Vi de perto muitas construções com acréscimo de área sem aprovação, sem habite-se. Quando chegava na questão da área permeável, quando a pessoa precisava quebrar o piso que havia colocado no quintal ou no jardim para regularizar suas casas, os clientes reclamavam. Não queriam ter uma área permeável, não queriam terra, queriam cimento. Não entendiam que a lei prevê uma área permeável para garantir o mínimo. E, depois do habite-se, adeus terra! “Agora já posso cimentar tudo!”
 
E a ocupação urbana desordenada, especulativa segue. As casas vão sendo substituídas por prédios altos, os quintais vão sendo engolidos pelo concreto. Chamam isso de progresso. Essa mania de querer sugar o máximo de tudo, sem pensar no coletivo, nem no amanhã? Sempre jogando a responsabilidade para os outros. Esse mau exemplo vem passando de uma geração para a outra.
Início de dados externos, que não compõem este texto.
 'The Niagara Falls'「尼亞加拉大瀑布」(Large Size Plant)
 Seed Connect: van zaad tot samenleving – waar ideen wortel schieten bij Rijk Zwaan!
É esse exemplo que estamos dando para os nossos filhos. Continuaremos ignorando os riscos ou vamos mudar de atitude?
 
Depois de tantas décadas destruindo, precisamos resgatar o que foi perdido. Precisamos entender que não somos o centro do universo, que a natureza não existe para nos servir. Somos parte do todo, somos seres minúsculos com um ego enorme. Narcisistas irresponsáveis que fazem bobagens e depois ficam pedindo a Deus por um milagre e jogando a culpa nos outros.
 
A solução passa por mim, passa por você, passa por escolhas de consumo. Passa pelo poder público e políticas ambientais. E para que o poder público tome medidas efetivas, é preciso que a sociedade se mobilize. Está claro que o que antes era considerado progresso é um atraso. O caminho para o desenvolvimento sustentável é longo. O homem não domina a natureza, o homem é parte dela. Reconecte-se.